Last week when I realized we were out of bottled water in our offices at Force 5 a few hours before a potential client was stopping by, I decided to make a quick run to the grocery store. After loading my cart with some H2O, I quickly made my way to the checkout register. Along the way I noticed my favorite cookies – old fashioned sugar cookies. I grabbed a tray and thought, “our guest will like these, and if not, our staff will.” (Yep, staff members are the most important brand ambassadors you have; so treat them well.)
So, I’m in line to pay and Ethyl the cashier says, “Look at that!” as she points to the price tag on the cookies, “those cookies are $3.59!”
“I know,” I say, “but man, are they good!” (I’d bought them at least 5 times before.)
She picks up the clear container and starts for count them out for me, “two, four, six … eightcookies! I can’t believe how expensive they are. I wouldn’t pay that for just eight cookies.”
I just smiled and bought my cookies. I smiled at her manager too, who had listened to the entire conversation.
Ok. Ethyl meant well. She wanted for me what she valued for herself – maximum cookie quantity per dollar spent. Ethyl wanted me to be happy.

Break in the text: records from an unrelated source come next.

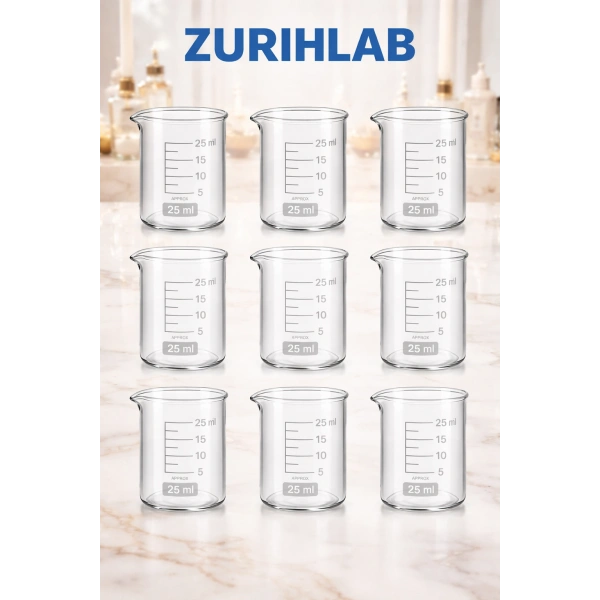 Cam Beher 25 mL – Borosilikat Cam – Laboratuvar Tipi – 6 Adet Set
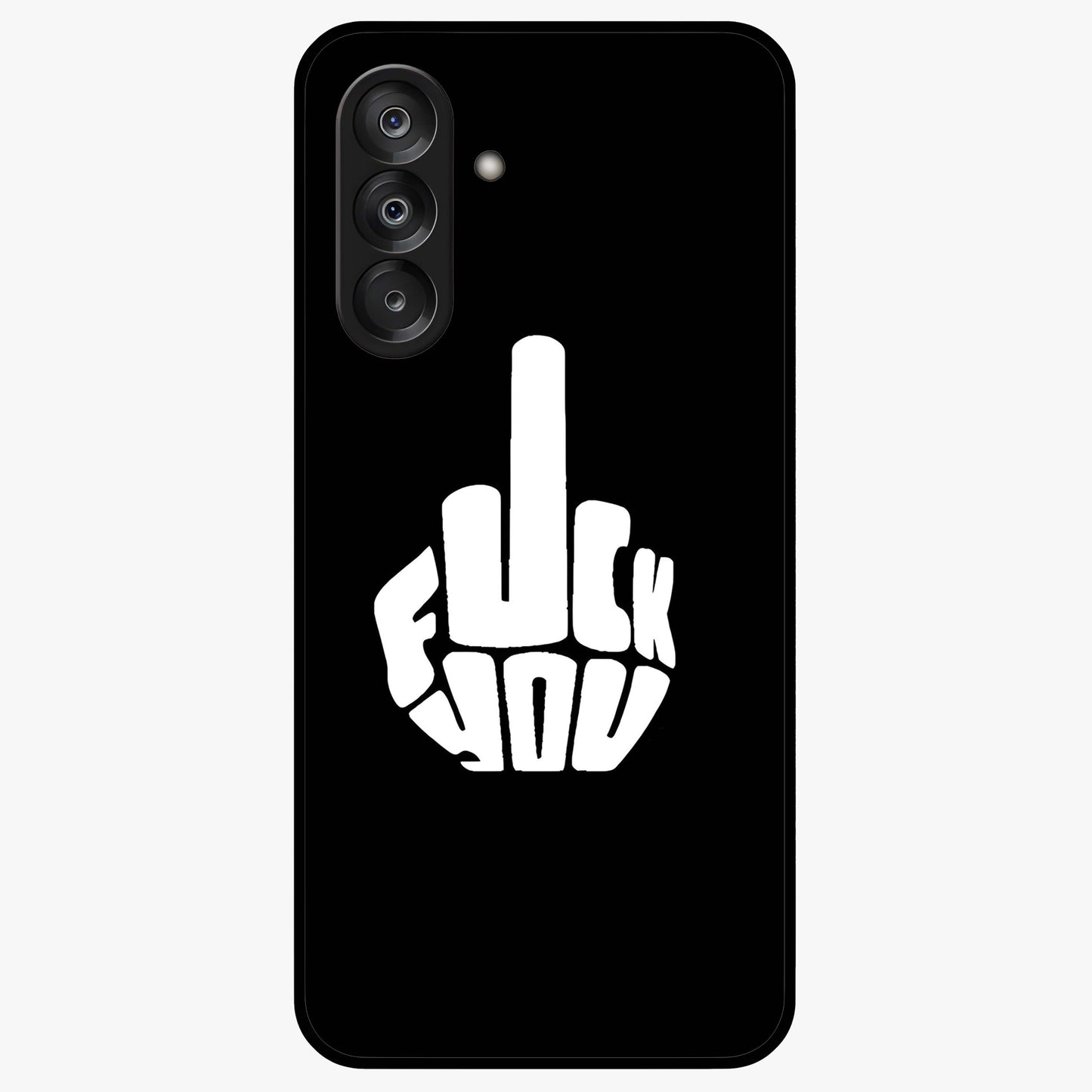 Rebel Mode On Glass Case showing flat back view with bold rebellious typography artwork and glossy glass finish.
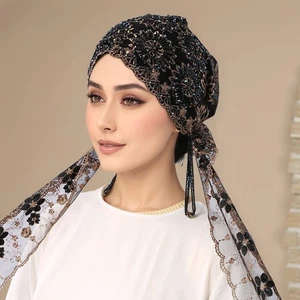 Muslim Women Lace Beaded Turban Hat Hijab Beanie Hair Loss Bonnet Head Wrap Arab - Picture 1 of 18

Unfortunately, Ethyl did the opposite. In this exchange Ethyl communicated three pretty awful things:
1) You must like to waste money.
2) Apparently you can’t read or count or make decisions.

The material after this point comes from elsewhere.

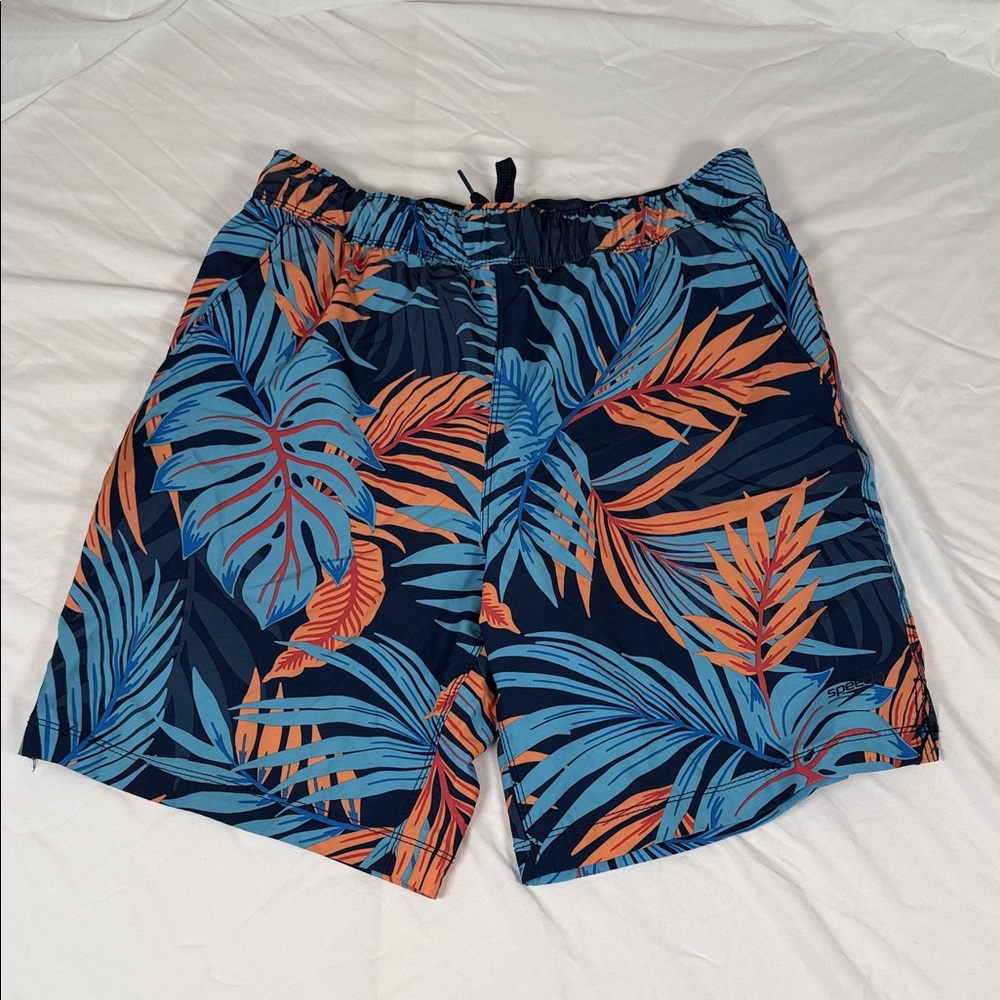 Speedo Navy Swim Trunks with Blue & Orange Tropical Leaf Print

3) Be careful. Unless I was here to protect you, this place would screw you over every chance it gets.
There’s a fine line between customer advocacy and company blasphemy. I’ve found throughout my career that sales people who understand the difference are the ones who are the most successful. Have you ever run across a salesperson like this and how did they make you feel as a buyer?